Let's have a look at the code in detail.

use std::net::TcpListener;

fn main() {
    // Create the TCP listener, bound to the
    // standard Redis port.
    let listener = TcpListener::bind("127.0.0.1:6379").unwrap(); 1

    // Process each incoming connection.
    for stream in listener.incoming() { 2
        match stream {
            Ok(_stream) => {
                println!("accepted new connection"); 3
            }
            Err(e) => {
                println!("error: {}", e);
            }
        }
    }
}

• unwrap [docs] 1 is a crude way to extract the Ok value from a Result. It's a convenient method for tests, as it panics if the result is an error, but in production code it might not be the best solution.
• println! [docs] 3 is how we print text on the standard output. While there are more sophisticated ways to debug programs, printing is still a good way to understand what is going on in a system, and to log events.
• A concept implicit in the code above is that of Iterator [docs] which in this case is implemented by Incoming, that is the return type of TcpListener::incoming 2. Iterators are important concepts in every programming language, and we will see many throughout the book.

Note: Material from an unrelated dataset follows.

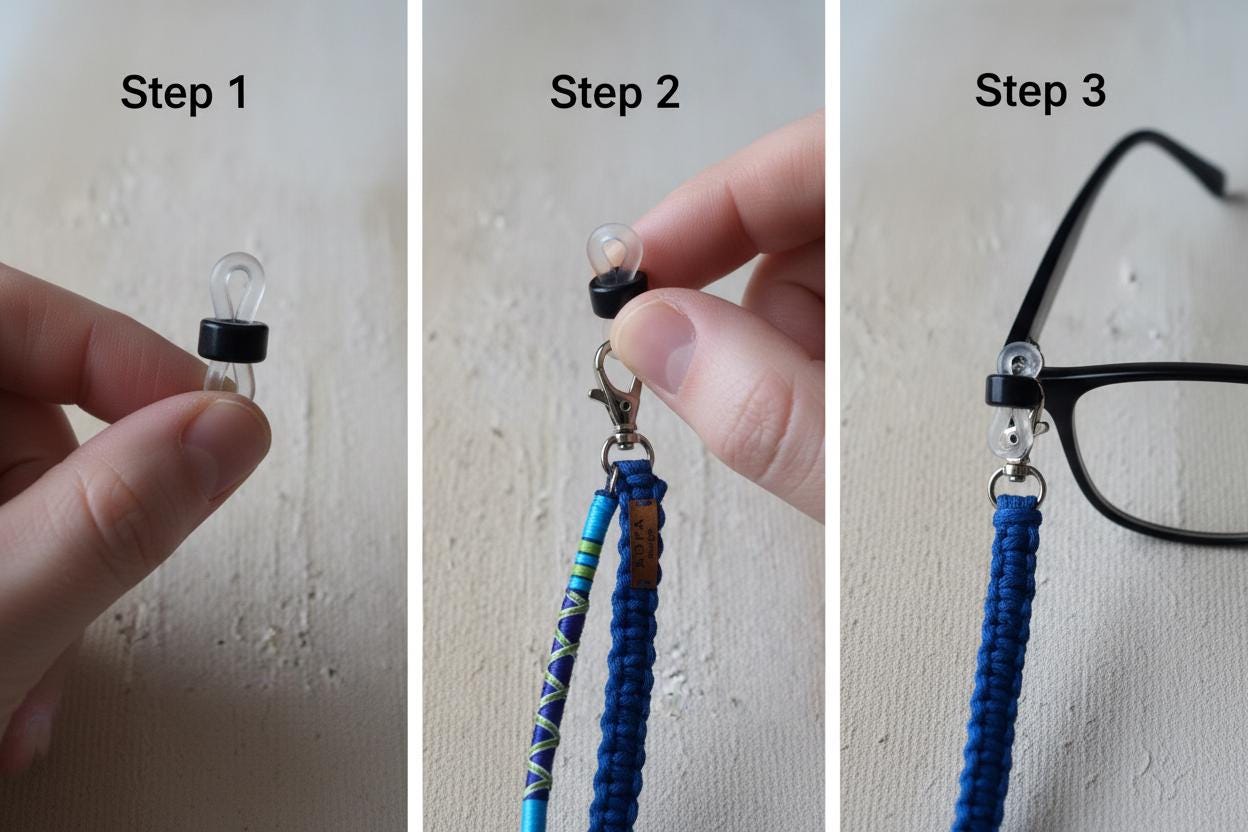 Describing how to use and setup Adjustable eyeglass chain connector ends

Testing with the Redis CLI#

Other than using the CodeCrafters tests you can interact with your server using the Redis CLI. Once you installed it in your system you can first run your server with

$ cargo run

or, if you are using the CodeCrafters setup, running

$ spawn_redis_server.sh

and then open a new terminal and run redis-cli

$ redis-cli
127.0.0.1:6379>

The server should react printing the message accepted new connection. You cannot issue commands at the moment, as the server ignores data received through the stream.

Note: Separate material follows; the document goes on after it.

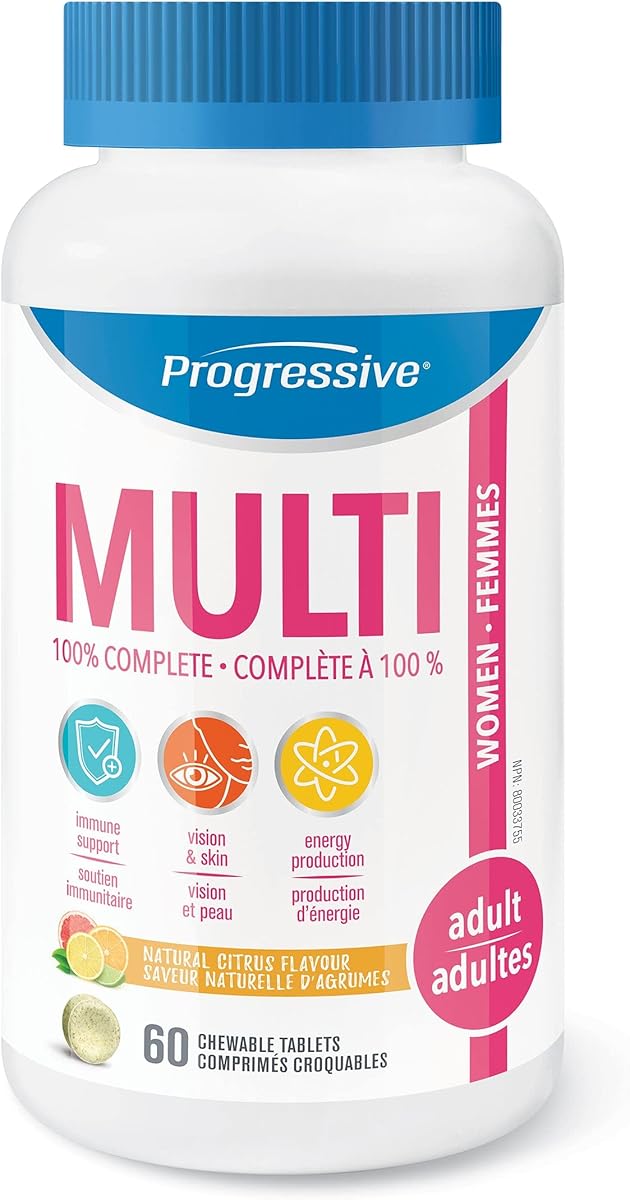 Progressive Progressive Adult MultiVitamin for Women - 60 Chewable Tablets | Made with Cranberry, Damiana Extract, Green Food Concentrates, Green Tea, CoQ10, Maca, Vitamin K2, Vitamin D3 and Glutathione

Step 1.2 - Respond to PING#

The server has to respond to incoming requests, so the next step is to start listening on the TCP connection and parse the incoming data. Redis uses a binary protocol called Redis Serialization Protocol (RESP), so to understand the request we will eventually have to implement a parser for this protocol.

As a first step, however, we can simply discard the incoming data and send back the same response regardless of the request. The simplest Redis command is PING, which receives the response +PONG\r\n. This is the string PONG encoded as a RESP simple string, as we will see later.

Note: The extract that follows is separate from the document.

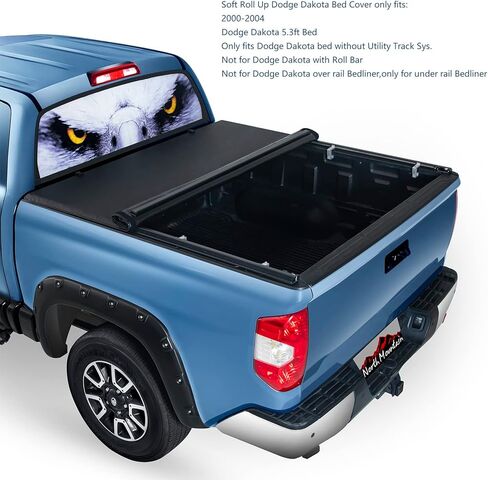 North Mountain Soft Roll Up Truck Tonneau Cover for Dodge Dakota 5.3ft Truck Bed/Fits 2000-2004 Dodge Dakota 5.3ft Pickup 63" Feetside Bed/Not for Truck with Rambox in Saudi Arabia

use std::net::TcpListener;
use std::io::{Read, Write};
use std::net::{TcpListener, TcpStream};

fn main() {
    let listener = TcpListener::bind("127.0.0.1:6379").unwrap();

    for stream in listener.incoming() {
        match stream {
            Ok(_stream) => {
                println!("accepted new connection");
            Ok(mut stream) => {
                // The connection is valid, handle it.
                handle_connection(&mut stream);
            }
            Err(e) => {
                println!("error: {}", e);
            }
        }
    }
}

// The main entry point for valid TCP connections.
fn handle_connection(stream: &mut TcpStream) {
    // Create a buffer to host incoming data.
    let mut buffer = [0; 512];

    // Read from the stream into the buffer.
    stream.read(&mut buffer).unwrap();

    // Hardcoded response.
    let response = "+PONG\r\n";

    // Write the response to the stream.
    stream.write(response.as_bytes()).unwrap();

    // Make sure the stream is flushed.
    stream.flush().unwrap();
}

In this version we isolate the management of the incoming connections.

fn main() {

    // Process each incoming connection.
    for stream in listener.incoming() {
        match stream {
            Ok(mut stream) => {
                // The connection is valid, handle it.
                handle_connection(&mut stream); 1
            }

...

// The main entry point for valid TCP connections.
fn handle_connection(stream: &mut TcpStream) {
    // Create a buffer to host incoming data.
    let mut buffer = [0; 512];

    // Read from the stream into the buffer.
    stream.read(&mut buffer).unwrap(); 2

    // Hardcoded response.
    let response = "+PONG\r\n";

    // Write the response to the stream.
    stream.write(response.as_bytes()).unwrap(); 3

    // Make sure the stream is flushed.
    stream.flush().unwrap();
}

We pass each new connection, represented by a TcpStream [docs], to the function handle_connection 1. There, we read [docs] from the stream into a binary buffer 2, then we prepare the response and write [docs] it to the stream 3. At the moment, the code still uses unwrap to manage the error cases, but in the future it will be worth handling errors more appropriately.

Testing and TDD#

Testing is arguably more complicated in strongly typed compiled languages like Rust than it is in languages like Python. In particular, while it is possible to create mocks, it is in general hard to replace functions at run time. So, a strict TDD approach is, in my opinion, impossible. This forces us to apply inversion of control more often, but it's important to understand that we cannot achieve the same level of inspection that we have in languages with a higher level of abstraction.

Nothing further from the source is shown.